The goal is to implement a search engine using a deep learning approach. The architecture will encode queries and documents separately, compare their representations, and rank documents based on relevance.
We will use the MS MARCO dataset, a collection of datasets designed for deep learning tasks related to search. You can find more details about the dataset on its official website and download version 1.1 from HuggingFace.
- Download the dataset from MS MARCO.
- Split the dataset into training, validation, and test sets.
- Extract queries and documents from the dataset.
- Generate triples of:
- Queries
- Relevant (positive) documents
- Irrelevant (negative) documents (using negative sampling).
- Tokenize the data for input into the model.
The Two Tower architecture consists of two parallel encoding layers: one for queries and one for documents. The architecture is designed to compare query and document representations effectively.
-
Token Embedding Layer:
- Pretrained word embeddings (e.g., Word2Vec).
- Optionally fine-tuned or frozen during training.
-
Encoding Layers:
- Two separate RNN-based layers:
- One for encoding queries.
- One for encoding documents (both positive and negative).
- RNNs are used to preserve sequential information, such as word order.
- Two separate RNN-based layers:
-
Distance Function:
- Measures similarity between query and document encodings.
- Higher similarity indicates a more relevant document.
-
Triplet Loss Function:
- Trains the model to minimize the distance between queries and relevant documents.
- Maximizes the distance between queries and irrelevant documents.
- Input: Tokenized triples of queries, positive documents, and negative documents.
- Forward Pass:
- Encode queries and documents using the Two Tower architecture.
- Compute similarity scores using the distance function.
- Loss Calculation:
- Use the triplet loss function to optimize the model.
- Backpropagation:
- Update model weights to improve performance.
- Pre-cache Document Encodings:
- Encode and store representations of all documents in advance.
- Query Encoding:
- Encode the incoming query using the query encoder.
- Similarity Scoring:
- Use the distance function to compute similarity between the query and all document encodings.
- Ranking:
- Rank documents based on similarity scores.
- Return the top 5 most relevant documents.

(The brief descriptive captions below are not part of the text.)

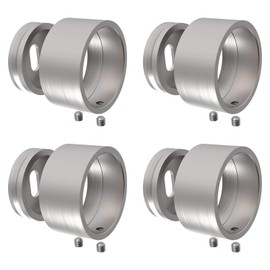 PRIOstahl Wall Flange Pipe Flange Plug Fitting - 4 x Pieces 42.4 mm Invisible Attachment to the Wall for Pipe Round Tube Handrail Holder Railing Stair Railing Bracket Made of Stainless Steel V2A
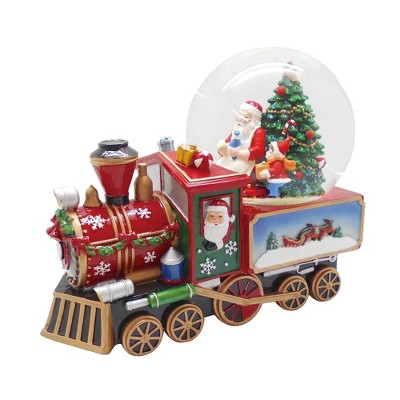 Season's Designs 6.55" Santa on Train with Christmas Tree Musical Water Globe Polyresin, Multicolored, Indoor Use for Mantel and Tabletop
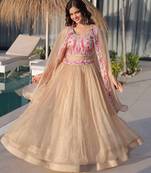 Cream Silk Free Size Stitched Lehenga Choli with Embroidery & Beards Work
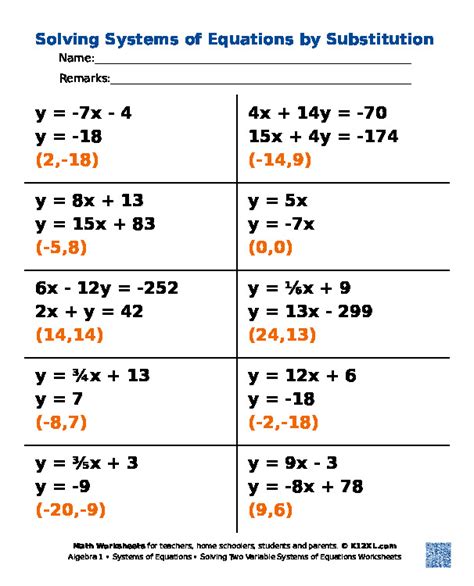 solving systems of equations worksheet answer key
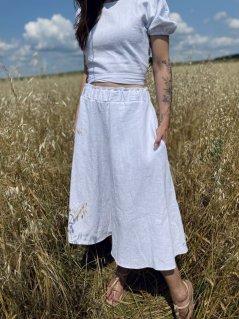 Ľanové 3/4 široké nohavice - rôzne farby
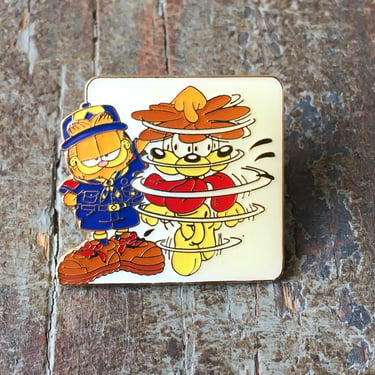 Vintage PAWS Garfield and Odie Cub Scouts Cartoon Animated Enamel Pin 
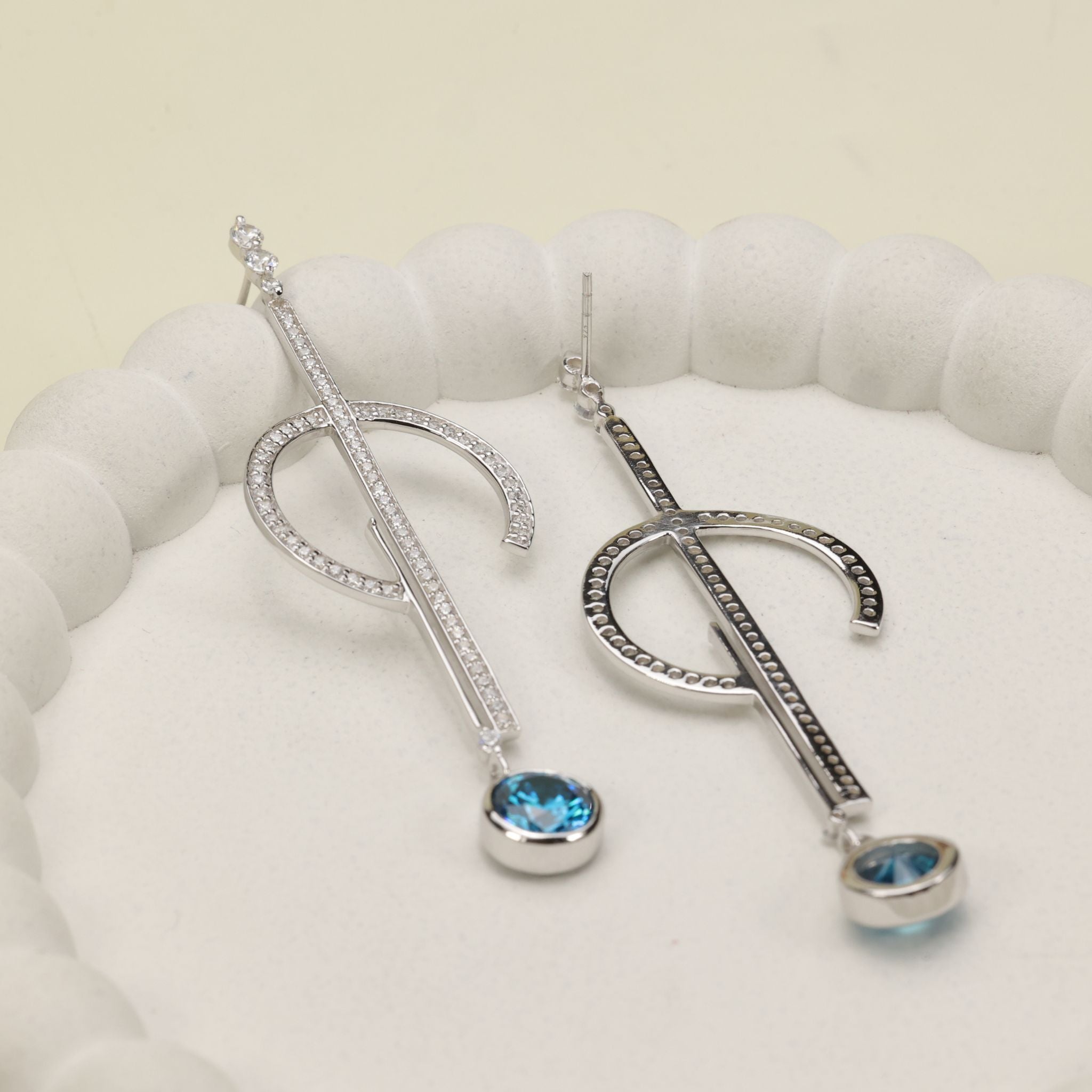 Swiss Blue Topaz Dangle Drop Earrings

Below is a visual representation of the target model architecture:
- Python 3.8+
- TensorFlow or PyTorch
- HuggingFace Datasets library
- Pretrained Word2Vec embeddings
- Clone the repository:
git clone https://github.com/your-repo/ml-institute-week-2-two-towers.git cd ml-institute-week-2-two-towers - Install dependencies:
pip install -r requirements.txt
- Prepare the dataset:
python prepare_dataset.py
- Train the model:
python train.py
- Run inference:
python inference.py --query "Your search query here"
This project is licensed under the MIT License. See the LICENSE file for details.